His education in London and his experiences as a lawyer in South Africa imparted in him a strong knowledge of worldly affairs including economic and financial matters. He understood the importance of businesses and the role they play in a country’s economy. The ‘Swadeshi Movement’ that he started aimed at reviving domestic goods that would benefit local traders, artisans and businesses in a time when Britain controlled India’s economy. It was a predecessor to the ‘Make in India’ initiative that the government has been pushing these last few years.
Let’s examine a few of his famous words and learn the ways they can assist us in handling our monetary affairs:
“Whatever you do will be insignificant, but it is very important that you do it.”
Every rupee you save matters. It might seem insignificant at the moment but like Gandhi says here, it is important that you do.
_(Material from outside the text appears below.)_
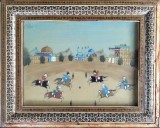 Cumpara ieftin Polo călare (chaugan), pictură pe sticlă, peisaj arab - ramă cu sidef, Scene gen, Ulei, Miniatural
Even his life was a collection of small individual events that ultimately lead to the independence of this great nation. Likewise a consistent and disciplined habit of saving, no matter how small, will grow into something much more.
“It is difficult, but not impossible, to conduct strictly honest business.”
Honesty in money matters is essential to maintaining a stress free financial life. Gandhi’s philosophy is dedicated to the pursuit of truth. He attributes a lot of his success to truth, like the establishment of his Satyagraha Ashram where “Satya” means truth. Truthful and honest dealings with your finances will pave the way for a lifetime of success and contentment.
“Freedom is not worth having if it does not include the freedom to make mistakes.”
All of us make mistakes in life. This includes our financial lives as well. When Gandhi was fighting for India’s freedom, he fought knowing that the process of nation building would involve a lot of mistakes. He understood that the stability of the new country will be threatened by a lot of shortcomings but his fight was also for the freedom to commit these mistakes and learn from them. Do not dwell on past mistakes but use it as a lesson to empower your decisions in the future.
“Capital as such is not evil; it is its wrong use that is evil. Capital in some form or other will always be needed.”
We’ve all heard the saying “Money is the root of all evil”. Thankfully Gandhiji does not endorse this statement. One must not be discouraged to pursue wealth, as long as it is not illegal and exploitative. While money might not buy happiness, financial stability can certainly help in discovering it.
It’s remarkable to see the various ways in which Gandhi’s teachings can be relevant in our day to day lives. Even 70 years after his unfortunate demise, he remains a source of pride and inspiration to us Indians. This Gandhi Jayanti, we at NIRA, wish everyone a tension free financial life and the freedom to achieve it.